Robinhood confidentially files for IPO
Robinhood, the zero-commission online trading app, confidentially filed for an IPO on Monday, about a month after becoming embroiled in controversy for its decision to block access to certain companies and being accused of failure to communicate with its customers.
The company confirmed the filing in a blog post on its website after multiple news outlets, including CNN, reported the development.
“Robinhood Markets, Inc. has confidentially submitted a draft registration statement on Form S-1 with the Securities and Exchange Commission (the “SEC”) relating to the proposed initial public offering of its common stock. The number of shares to be offered and the price range for the proposed offering have not yet been determined,” the company wrote.

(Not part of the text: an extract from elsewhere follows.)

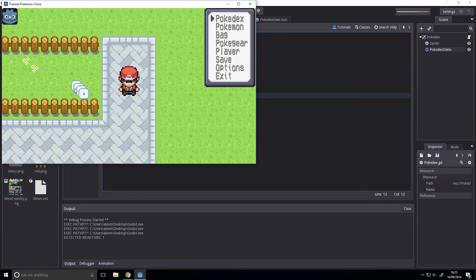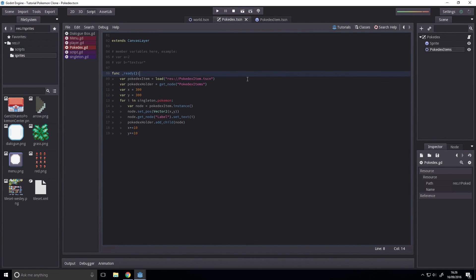So what we're going to use this for is rendering one of these for each pokemon that exists, which will be useful for pokedexes. We'll continue that next time. Thanks for watching, and sorry this video dragged on a bit — I'm going to leave the mistakes in unedited just so you can see that I mess up too. Thanks for watching, see you next time.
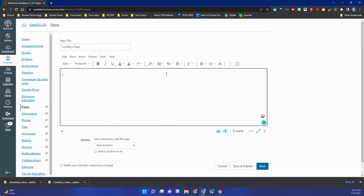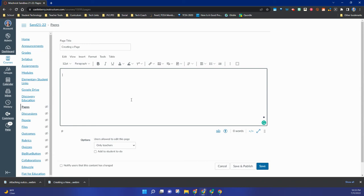But the biggest thing is to use this rich content editor toolbar right here. You can learn about that in another one of the modules, but that is going to help you add content to this page in so many ways. You can embed things, you can link things, you can add tables.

Confidentially filing for an IPO allows companies to file a registration statement with the SEC without immediately revealing their financial details. The company will eventually have to divulge that information in order for investors to evaluate the company’s growth and risks.
Robinhood fell under heavy scrutiny and criticism in February after it blocked users from purchasing shares of GameStop and AMC, the prices of which had skyrocketed after users on the Reddit group “r/WallStreetBets” bought large amounts of shares from both companies in a short squeeze.

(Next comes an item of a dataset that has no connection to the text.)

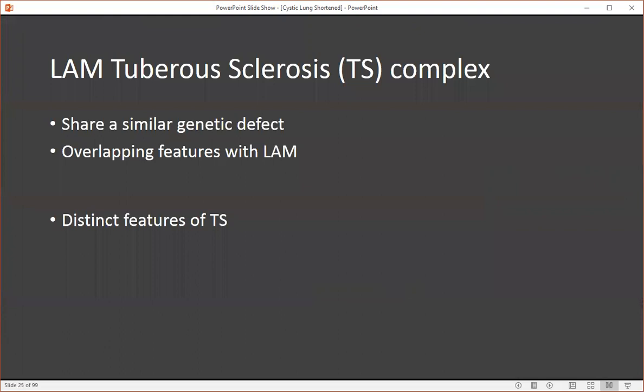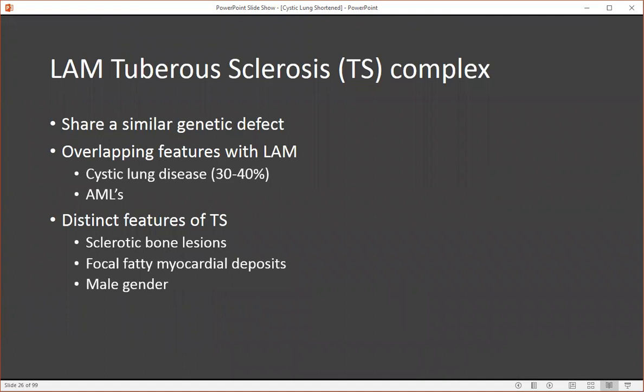The tuberous sclerosis LAM complex shares a similar genetic defect, resulting in overlapping features with LAM. You can see cystic lung disease in tuberous sclerosis, though only seen in 30% to 40% of cases, as opposed to LAM where you see cystic lung disease in virtually all cases. These are also associated with angiomyolipomas, similar to lymphangiomyomatosis. Distinct features of TS LAM complex include male gender, widespread sclerotic lesions, and focal fatty myocardial deposits. These can be confusing when first seen, as they can resemble osteoblastic metastasis and subendocardial remote infarcts.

Robinhood CEO Vlad Tenev testified in front of the House Financial Services Committee in February regarding the GameStop trading frenzy. During the hearing, Tenev claimed that his company blocked purchases in order to protect their customers from losses and also to allow the company to raise the funds to cover higher collateral requirements set by clearing houses and internal market regulators.
Lawmakers on both sides of the aisle condemned Tenev for his company’s apparent failure to communicate with its users
“Your trading restrictions came out of the blue and your communication was not clear,” Rep. Carolyn Maloney (D-N.Y.) said, adding that Robinhood customers had “the rug pulled out from them at the last minute.”
The company was also recently sued in February by the family of a 20-year-old college student who committed suicide after he believed he had accrued almost $750,000 in losses. Alex Kearns’ family are accusing Robinhood of wrongful death, negligent infliction of emotional distress and unfair business practices after Kearns was unable to get coherent responses from the company regarding a misleading investment alert.